The Dogs Of The Dow Trading System & Strategy has been around since at least the early 90s and exists in a couple of different forms. The strategy involves tracking the 30 stocks in the DJIA and each year selecting the 10 stocks with the highest dividend yield. Each year the portfolio is rebalanced so that you always hold the 10 stocks with the highest yield.
Since dividend yield often moves inversely to price, this is essentially a contrarian strategy where you are selecting some of the weakest performers from the index.
According to this analysis from Steve Auger, the Dogs of the Dow strategy has been an effective one, outpacing the Dow index by a decent margin since 1999:
Dogs Of The Dow Trading Alternative Trading Strategy
Another variation of this strategy is to go long stocks that have been removed from market indexes.
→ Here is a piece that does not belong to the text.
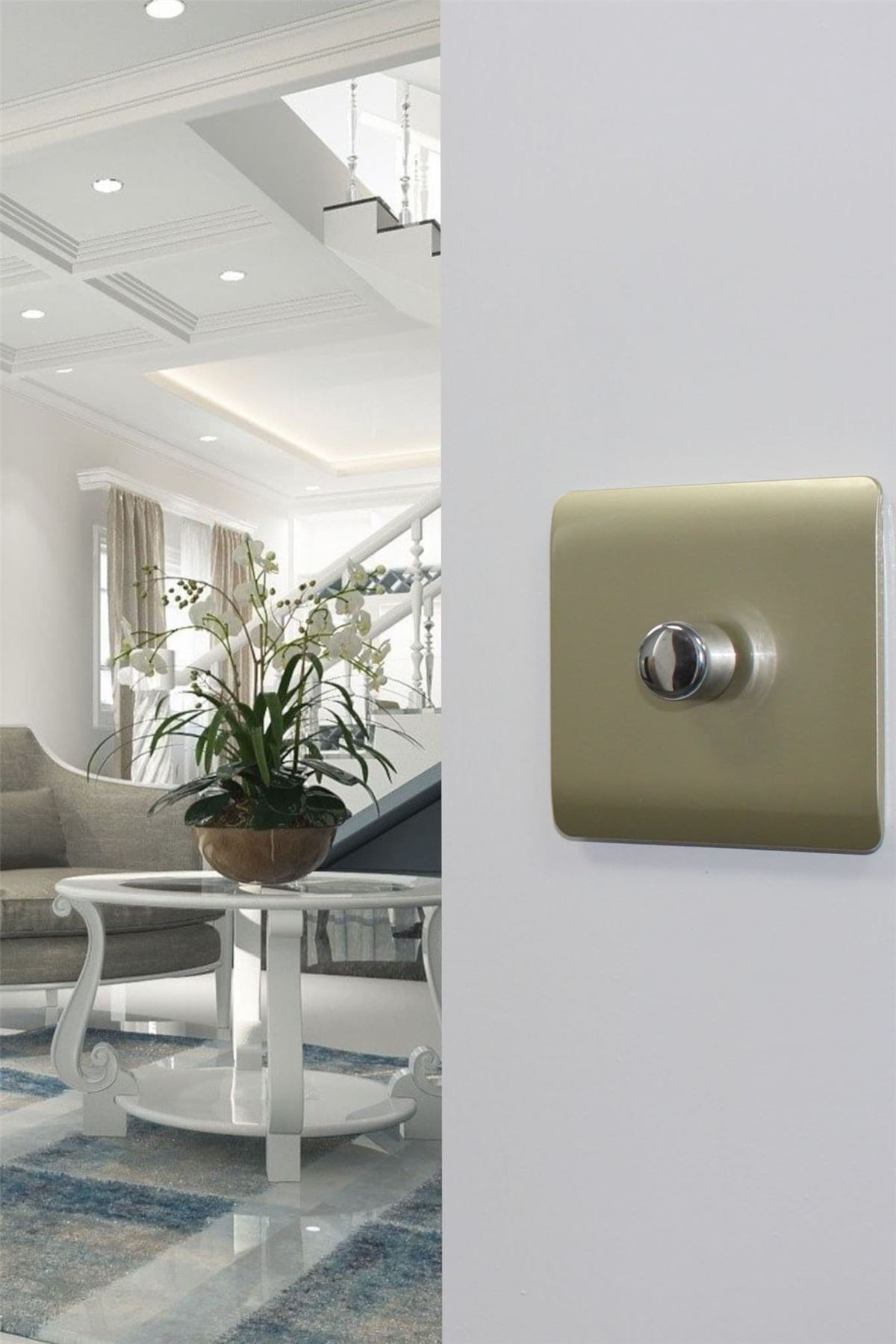 Trendi 1 Gang 2 Way 240V 100w LED Dimmer Screwless Raised Front Plate Plastic Artistic Modern Glossy 10 Amp Chrome Single Electrical Wall Light Switch in Champagne Gold - ART-LDMGO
For example, when the S&P 500 announces constituent changes, go long the stocks that have been removed.
These ‘dogs’ often see compulsory selling by fund managers who track the market indexes and this heavy selling leaves them technically oversold and potentially undervalued.
This anomaly has been documented in the UK market with success. Research from Jay Dahya in 2006 found that “deletions to the index are associated with a negative price response, which is fully reversed over a 120-day period after news of the removal from the index.”
Dogs Of The Dow Trading System & Strategy:
Go long the 10 highest dividend yield stocks in the DJIA and rebalance each year.
Alternatively, track stocks that have been removed from major indices like the S&P 500 or FTSE 100 and go long after heavy selling pressure around the announcement. Hold for up to four months to capture the full reversal.